» **Aim of the exercise**
Only one span is wanted from the lines below: from the one with "Thank you so" up to and including the one with "In 2016, which". Copy it exactly, without images.

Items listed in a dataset
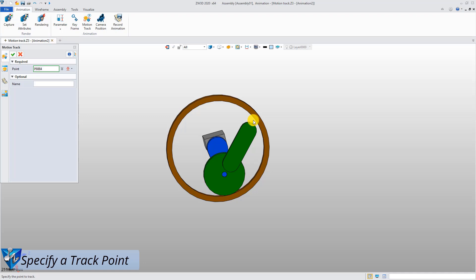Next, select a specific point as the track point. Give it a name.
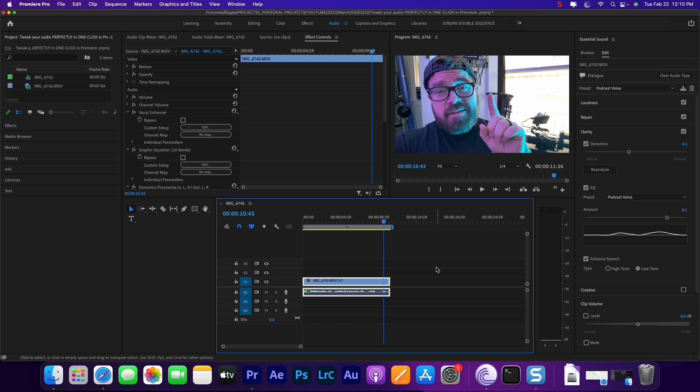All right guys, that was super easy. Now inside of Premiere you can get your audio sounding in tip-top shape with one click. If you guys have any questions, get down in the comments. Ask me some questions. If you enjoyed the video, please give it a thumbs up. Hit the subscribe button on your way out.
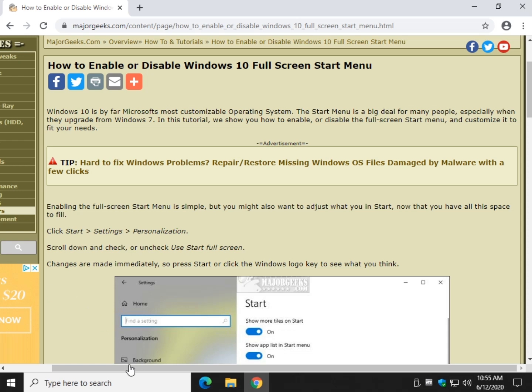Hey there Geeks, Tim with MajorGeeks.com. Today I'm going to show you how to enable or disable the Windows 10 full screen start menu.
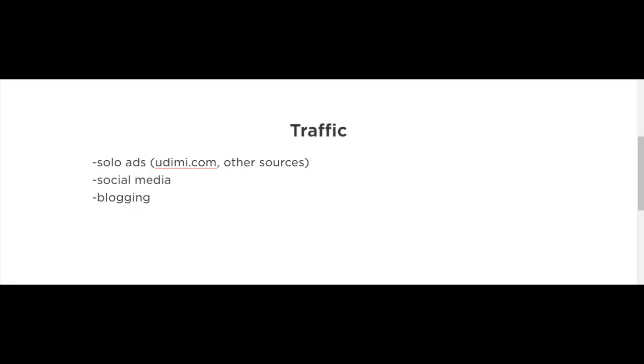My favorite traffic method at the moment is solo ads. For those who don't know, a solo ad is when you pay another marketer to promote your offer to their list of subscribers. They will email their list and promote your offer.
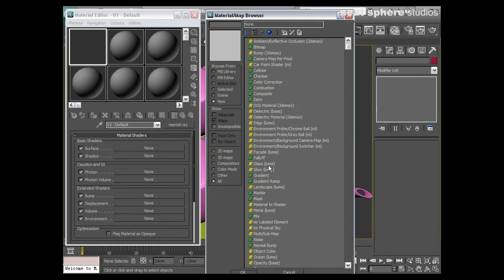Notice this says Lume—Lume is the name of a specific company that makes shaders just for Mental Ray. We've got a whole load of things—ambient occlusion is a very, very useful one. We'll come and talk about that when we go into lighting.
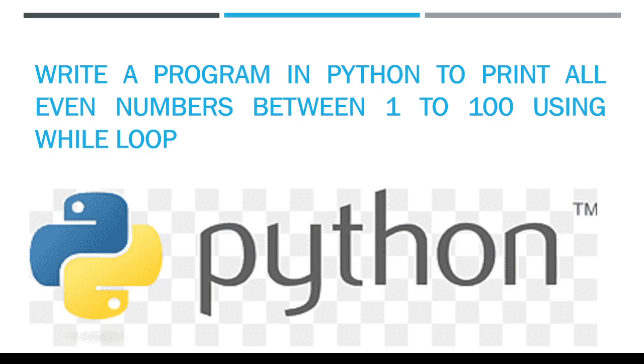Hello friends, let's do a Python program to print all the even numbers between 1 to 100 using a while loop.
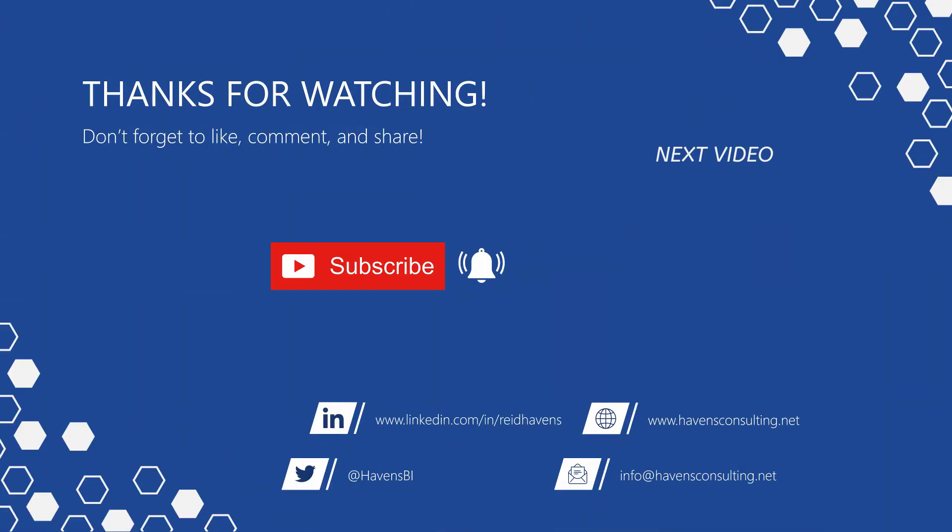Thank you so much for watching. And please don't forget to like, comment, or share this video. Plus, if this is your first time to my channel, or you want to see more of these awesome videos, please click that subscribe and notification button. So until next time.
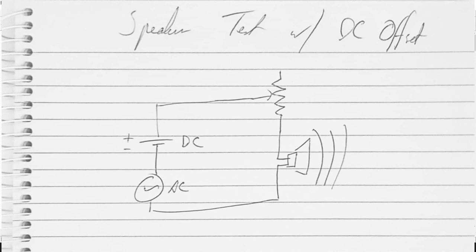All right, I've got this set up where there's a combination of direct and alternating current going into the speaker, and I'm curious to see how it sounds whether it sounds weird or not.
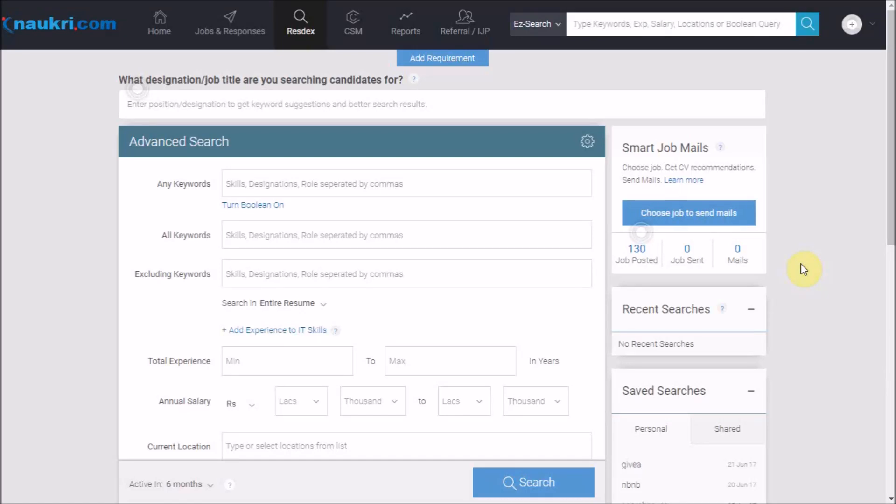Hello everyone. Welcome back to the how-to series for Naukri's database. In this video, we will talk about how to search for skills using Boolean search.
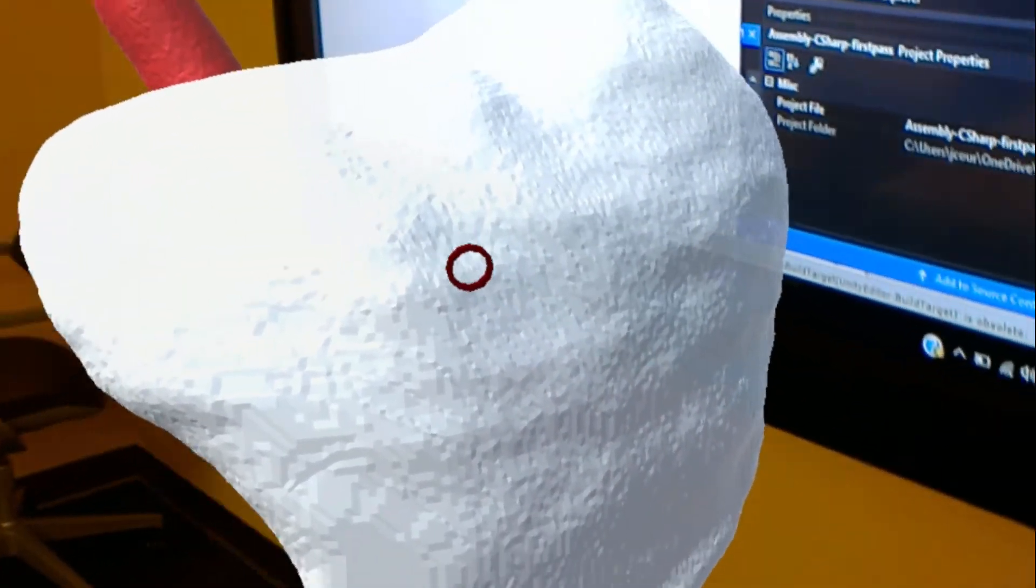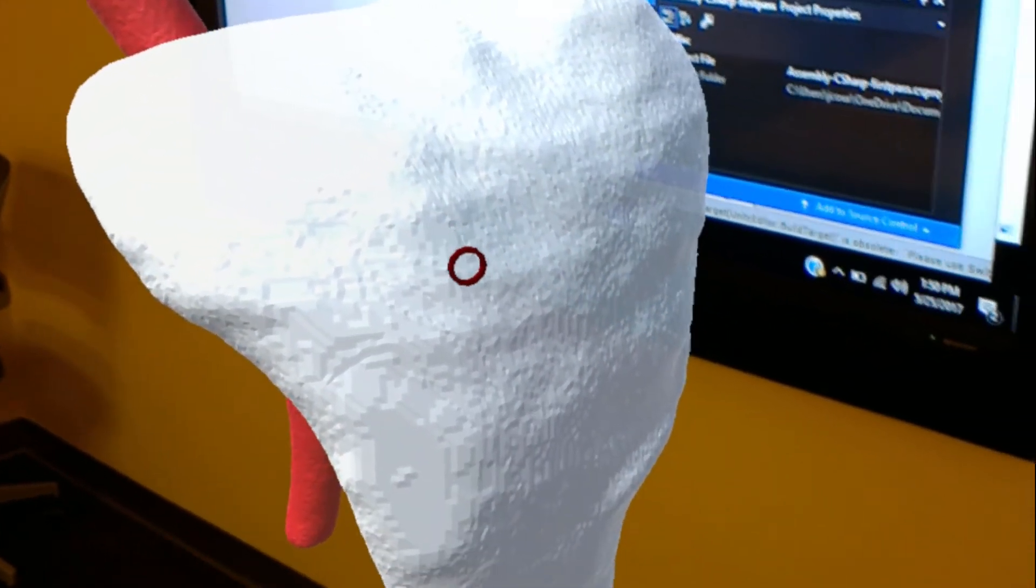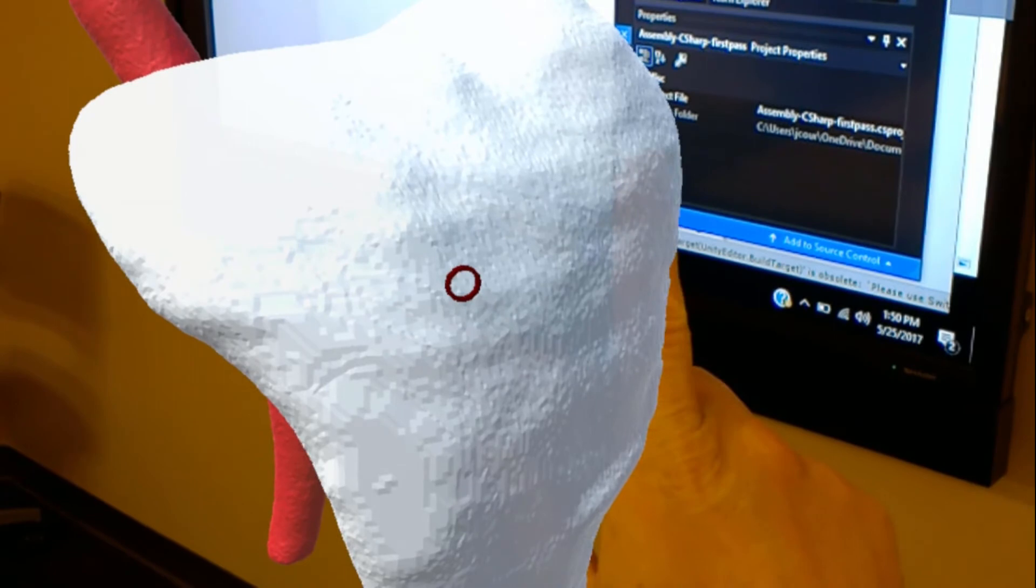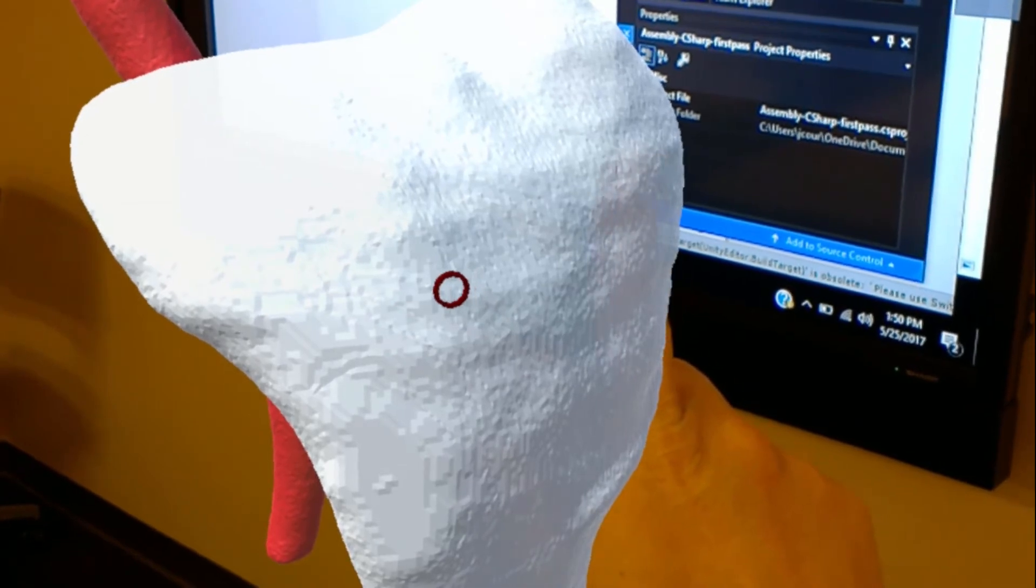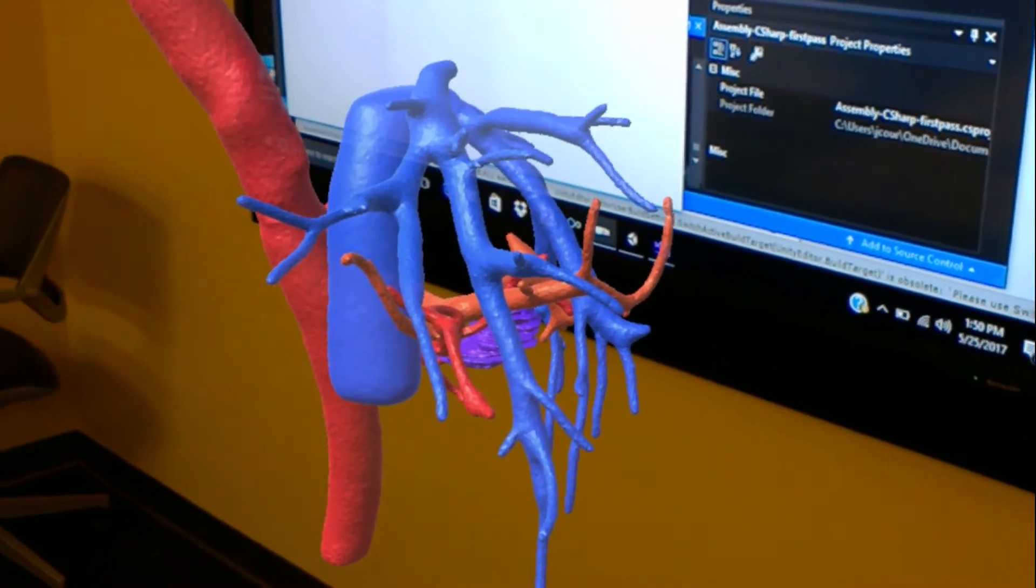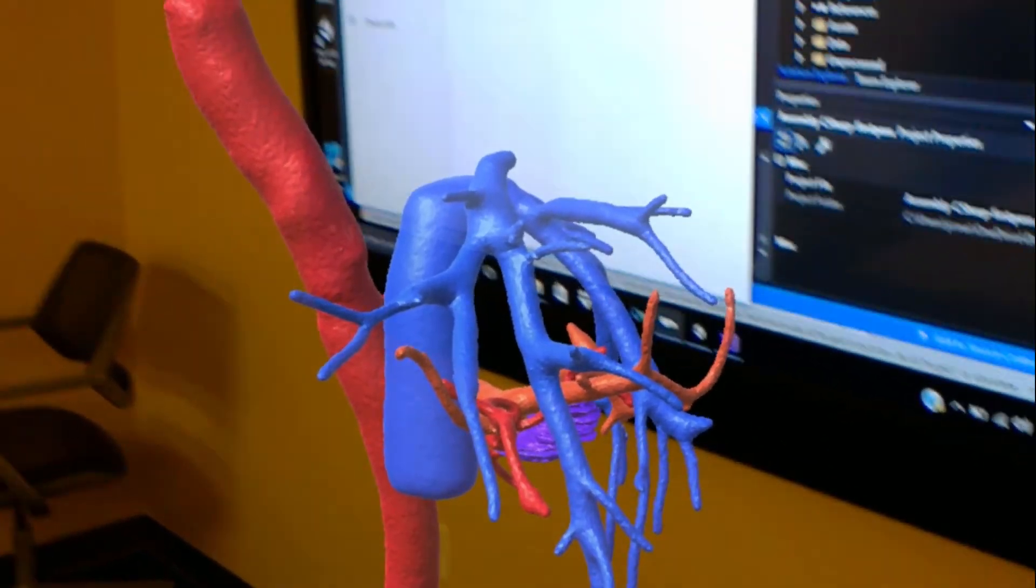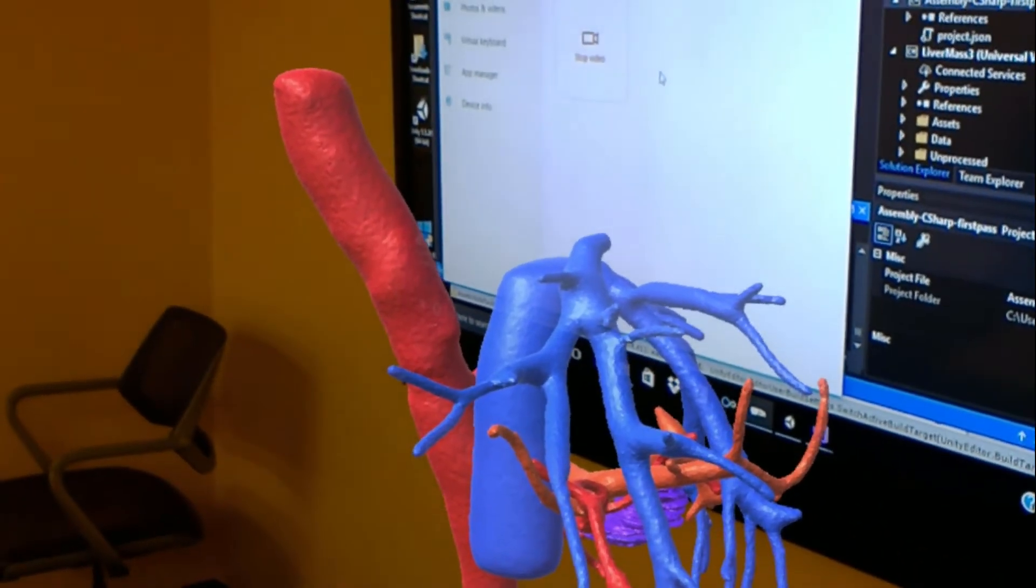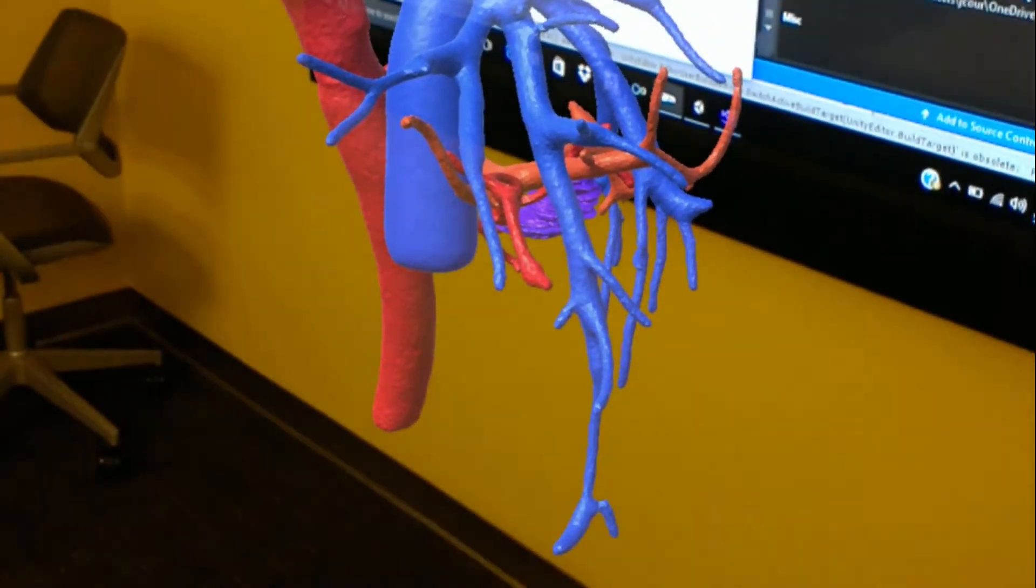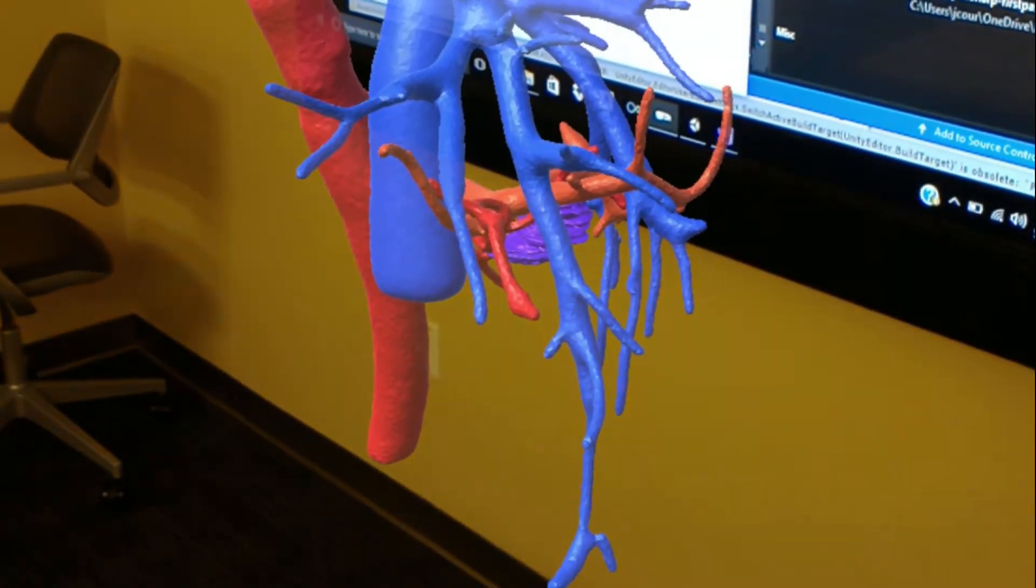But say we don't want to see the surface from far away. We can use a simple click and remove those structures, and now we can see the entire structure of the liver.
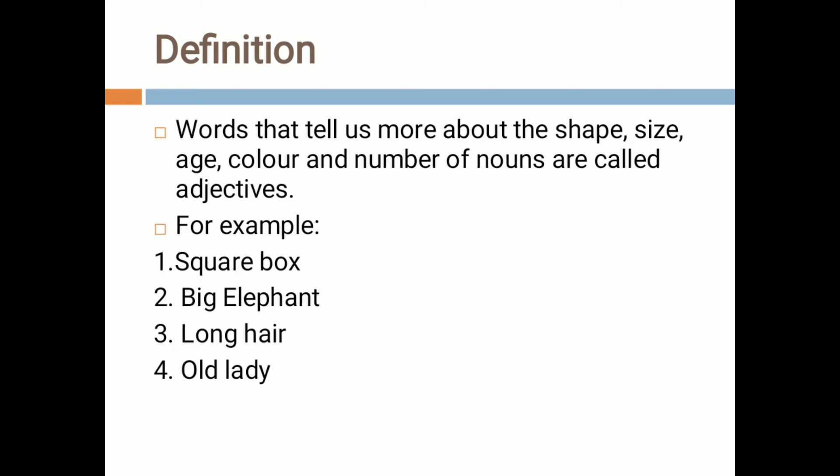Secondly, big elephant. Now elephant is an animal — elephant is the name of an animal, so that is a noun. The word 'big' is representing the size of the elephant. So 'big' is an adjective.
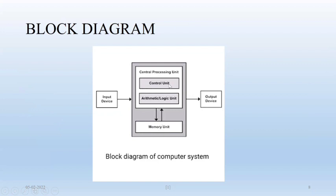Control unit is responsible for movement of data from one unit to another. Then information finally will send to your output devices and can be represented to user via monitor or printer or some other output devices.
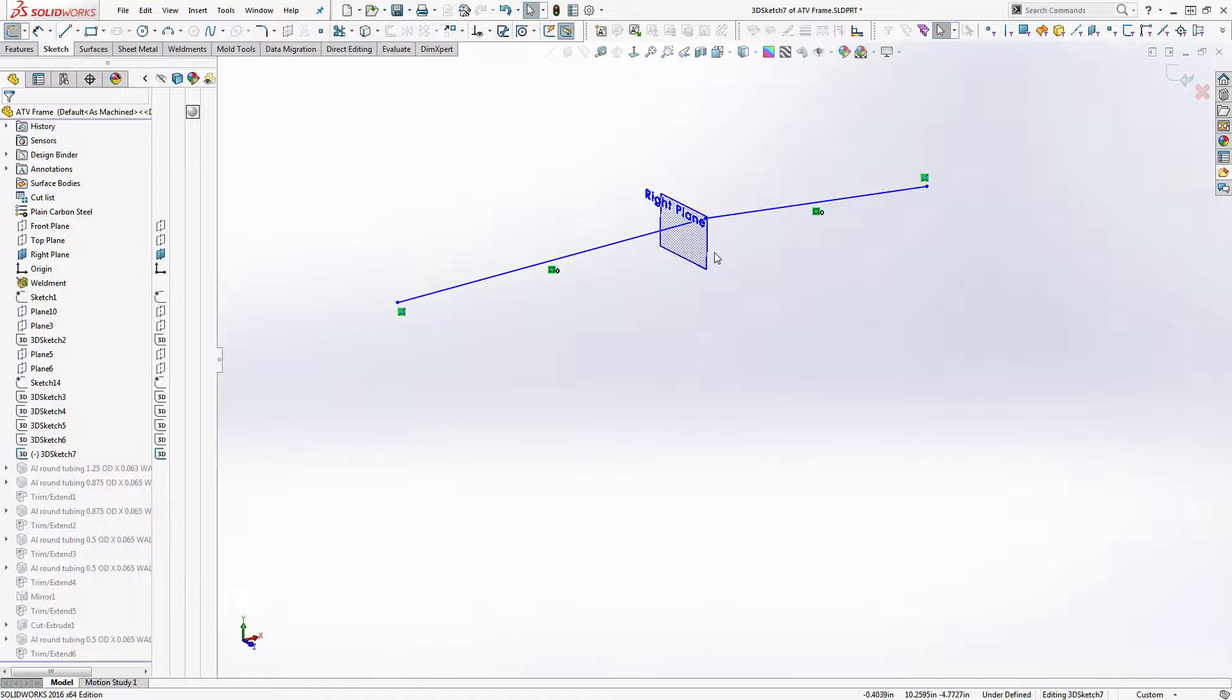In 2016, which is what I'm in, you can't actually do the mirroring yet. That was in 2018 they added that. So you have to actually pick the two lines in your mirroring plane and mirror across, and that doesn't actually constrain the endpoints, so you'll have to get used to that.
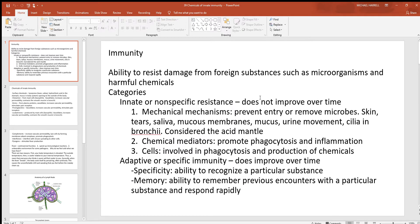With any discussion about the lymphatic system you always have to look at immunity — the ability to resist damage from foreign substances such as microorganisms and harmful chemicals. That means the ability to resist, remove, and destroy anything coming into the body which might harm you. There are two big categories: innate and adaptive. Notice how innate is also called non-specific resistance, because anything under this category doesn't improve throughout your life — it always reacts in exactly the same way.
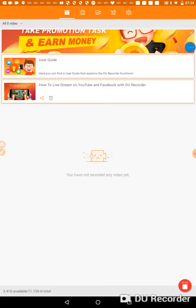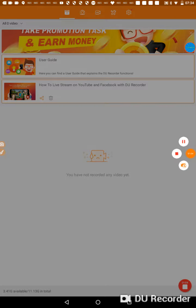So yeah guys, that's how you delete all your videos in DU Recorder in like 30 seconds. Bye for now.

» **Solution for this exercise**
Thank you so much for watching. And please don't forget to like, comment, or share this video. Plus, if this is your first time to my channel, or you want to see more of these awesome videos, please click that subscribe and notification button. So until next time.
All right, I've got this set up where there's a combination of direct and alternating current going into the speaker, and I'm curious to see how it sounds whether it sounds weird or not.
Hello everyone. Welcome back to the how-to series for Naukri's database. In this video, we will talk about how to search for skills using Boolean search.
But say we don't want to see the surface from far away. We can use a simple click and remove those structures, and now we can see the entire structure of the liver.
Secondly, big elephant. Now elephant is an animal — elephant is the name of an animal, so that is a noun. The word 'big' is representing the size of the elephant. So 'big' is an adjective.
Control unit is responsible for movement of data from one unit to another. Then information finally will send to your output devices and can be represented to user via monitor or printer or some other output devices.
In 2016, which is what I'm in, you can't actually do the mirroring yet. That was in 2018 they added that. So you have to actually pick the two lines in your mirroring plane and mirror across, and that doesn't actually constrain the endpoints, so you'll have to get used to that.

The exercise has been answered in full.